Layout / body structure
The layout is a single wide chart with many vehicle-model columns across the page and three marker rows below for gearbox assembly, engine assembly, and final vehicle assembly. The reading order is left to right across the model columns and then down to the assembly rows that explain how production footprints line up with the content stacks.
What is being compared
The chart compares the share of vehicle content coming from Canada and the United States, Japan, Mexico, South Korea, and the rest of the world across the top 2025 passenger vehicle models. It also compares where each model’s gearbox, engine, and final assembly are located.
Measurement system
Each column is a percentage share of vehicle content, so every stack sums to 100 percent. Color identifies origin countries or regions, while the rows beneath the chart use colored squares to mark the assembly location for each major production stage.
Visible structure inside the graphic
The main body of the visual is a run of narrow 100-percent stacked columns, most of them built from dark Canada or US blocks, bright blue Mexico blocks, and large gray rest-of-world blocks, with smaller contributions from Japan and South Korea. Beneath the stacks, three horizontal bands of colored squares show gearbox assembly, engine assembly, and final vehicle assembly for each model, turning the chart into a combined content-and-footprint map rather than a simple share chart.

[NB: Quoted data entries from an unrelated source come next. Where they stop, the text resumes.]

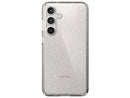 Speck Presidio Deksel Samsung S24 Plus - Glitter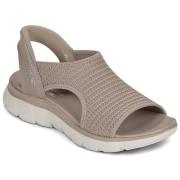 Sandalen Skechers SLIP INS SUMMITS SWEETLY EVOLVED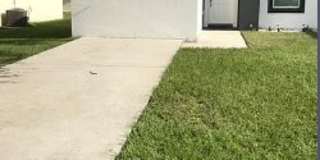 702 Bluebill Pl, Unit A Gallery 5
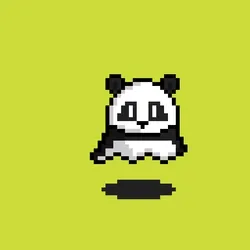 inscription 5378ce7df9a9760405cfe98f9253a38316686f3c1ec0502d959d5fecb511a571i0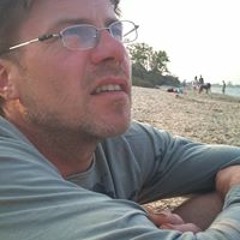 geof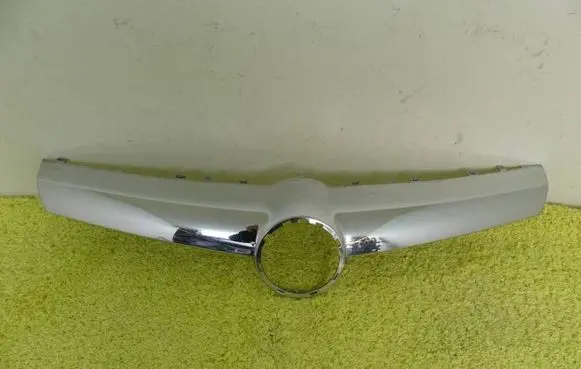 Opel Vectra C Front grill 551004542 13191345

Main takeaway from the visual
The visible takeaway is that tariff exposure differs sharply by model because both the content mix and the assembly footprint vary from car to car. Some models are concentrated in North American content, others depend heavily on Mexico or the rest of the world, and the three assembly rows show that manufacturing stages do not always line up with the dominant content source inside the stack above.
Key standout values or extremes
Several models are dominated by dark Canada or US content, while others carry very large Mexico segments that push close to or above half of the stack. At the other extreme, some models show the rest-of-world segment as the largest block, which makes the visual feel less like a single industry average and more like a series of sharply different sourcing profiles.
Controls / sequence, when applicable
This is a static chart image with no in-chart controls to operate.
Companion media, when applicable
There is no separate companion audio or video; the chart image is the full visual on this page.